Proponents of higher tobacco taxes say additional revenues are needed to fund anti-smoking programs. But more and more of the money has gone to the state’s general fund. Of the $815 million Massachusetts received from tobacco taxes and the big tobacco settlement this fiscal year, less than 1 percent, or $4.1 million, went to cessation programs.
“In Massachusetts, the Legislature took away much of the funding for cessation programs prior to 2001,” Jolicoeur said. “The impact has been a reduction in access to face-to-face counseling for smokers and a decrease in the amount of tobacco treatment specialists being trained.”
Scott Harshbarger, who was the Massachusetts attorney general who helped win the national tobacco settlement, calls the shift in funding “a great disappointment.”
“The litigation was designed to further the public policy that was already in this state,” he said. “It was designed to change the behavior of and reduce the use of tobacco by adults.”
Boston University’s Siegel says that by using the taxes to pay for the general cost of government or special funding for transportation infrastructure the government will need smokers to keep smoking.

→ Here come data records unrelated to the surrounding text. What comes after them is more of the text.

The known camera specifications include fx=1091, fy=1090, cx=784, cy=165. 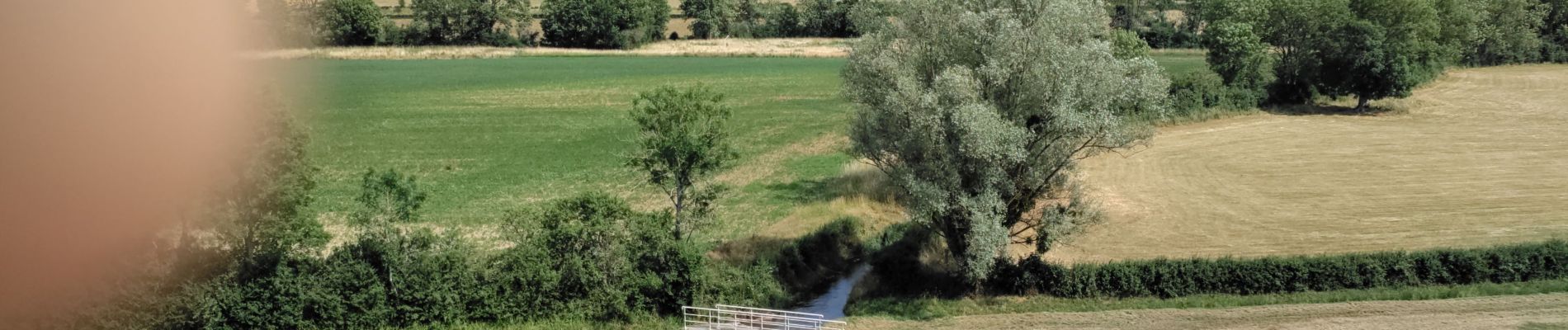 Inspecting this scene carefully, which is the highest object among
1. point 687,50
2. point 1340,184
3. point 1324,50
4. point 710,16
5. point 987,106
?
point 710,16

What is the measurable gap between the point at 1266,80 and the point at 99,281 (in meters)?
73.3

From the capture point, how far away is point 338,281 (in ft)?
96.5

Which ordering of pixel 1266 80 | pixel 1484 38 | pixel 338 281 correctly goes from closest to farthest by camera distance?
pixel 338 281 < pixel 1266 80 < pixel 1484 38

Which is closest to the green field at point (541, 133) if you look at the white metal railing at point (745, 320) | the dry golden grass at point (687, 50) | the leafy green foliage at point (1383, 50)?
the dry golden grass at point (687, 50)

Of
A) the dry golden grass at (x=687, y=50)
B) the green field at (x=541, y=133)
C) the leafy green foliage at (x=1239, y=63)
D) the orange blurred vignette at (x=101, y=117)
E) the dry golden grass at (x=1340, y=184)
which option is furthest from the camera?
the dry golden grass at (x=687, y=50)

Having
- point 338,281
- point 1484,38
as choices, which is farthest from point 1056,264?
point 1484,38

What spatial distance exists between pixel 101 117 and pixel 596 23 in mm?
105347

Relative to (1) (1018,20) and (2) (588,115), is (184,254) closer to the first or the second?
(1) (1018,20)

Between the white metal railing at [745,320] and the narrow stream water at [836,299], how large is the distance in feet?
4.81

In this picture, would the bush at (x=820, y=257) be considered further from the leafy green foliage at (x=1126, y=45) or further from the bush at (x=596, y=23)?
the bush at (x=596, y=23)

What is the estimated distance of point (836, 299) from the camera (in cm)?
3609

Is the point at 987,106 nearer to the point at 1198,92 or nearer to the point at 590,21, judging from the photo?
the point at 1198,92

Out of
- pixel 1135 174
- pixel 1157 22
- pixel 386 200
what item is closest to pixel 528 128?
pixel 1135 174

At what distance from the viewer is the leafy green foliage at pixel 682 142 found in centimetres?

“It really creates a perverse incentive where the government loses the motivation to take significant action to reduce cigarette consumption because we’re going to lose transportation funding,” he said.
To be sure, raising the cost of cigarettes does affect the rate of smoking. The Massachusetts Department of Revenue reported that when the state raised the tax in 2008, the number of packs purchased by adults dropped from 278 million to 225 million.
But the success of higher taxes in driving down smoking is a double-edged sword.
So far, rising tax rates have stayed ahead of declining smoking rates, but if taxes continue to increase the cost of cigarettes budget writers could see a decline in the revenue they have come to rely on, including the quarter billion dollars in annual Big Tobacco settlement payments that end in 12 years.
Michael Widmer of the Massachusetts Taxpayers Foundation says it could be dangerous to count on a future of steady tobacco tax revenues.
“There are two major caveats to keep in mind. One, Will we keep seeing a decline in smoking over the next decade? Two, Is there a breaking point where the tax is so high that it leads to a sharp reduction in smoking, and the state loses revenue?’” he said.